Inchworm quasi Monte Carlo for quantum impurities

TL;DR

This paper introduces a quasi Monte Carlo approach using Sobol sequences to improve the efficiency of inchworm Monte Carlo methods for quantum impurity models, enabling better handling of complex multi-orbital systems.

Contribution

It demonstrates the application of quasi Monte Carlo techniques to inchworm Monte Carlo, achieving enhanced convergence and extending applicability to more complex impurity models.

Findings

Achieved $1/N$ convergence with quasi Monte Carlo.

Extended inchworm method to multi-orbital Anderson impurity models.

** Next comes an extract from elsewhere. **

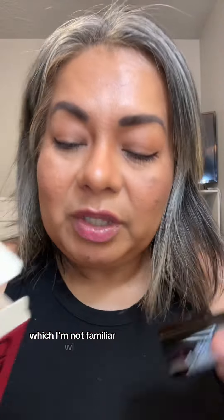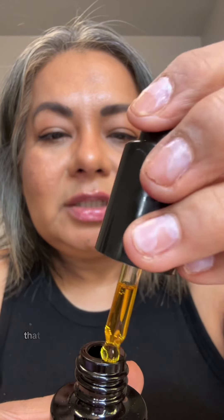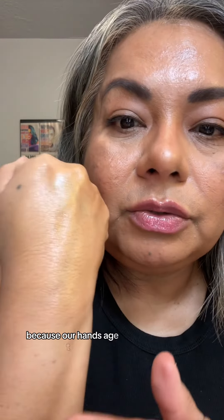It's a luminous repair oil. This has vitamin C, rosehip oil, something called tamanu oil — which I'm not familiar with — and alpine rose extract. I love the little dropper that you push down instead of the squeezy one. That's really cool. Let's do a couple of drops under the back of my hand, because our hands age too.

Reduced computational cost for complex quantum impurity simulations.

Abstract

The inchworm expansion is a promising approach to solving strongly correlated quantum impurity models due to its reduction of the sign problem in real and imaginary time. However, inchworm Monte Carlo is computationally expensive, converging as $1/\sqrt{N}$ where $N$ is the number of samples. We show that the imaginary time integration is amenable to quasi Monte Carlo, with enhanced $1/N$ convergence, by mapping the Sobol low-discrepancy sequence from the hypercube to the simplex with the so-called Root transform. This extends the applicability of the inchworm method to, e.g., multi-orbital Anderson impurity models with off-diagonal hybridization, relevant for materials simulation, where continuous time hybridization expansion Monte Carlo has a severe sign problem.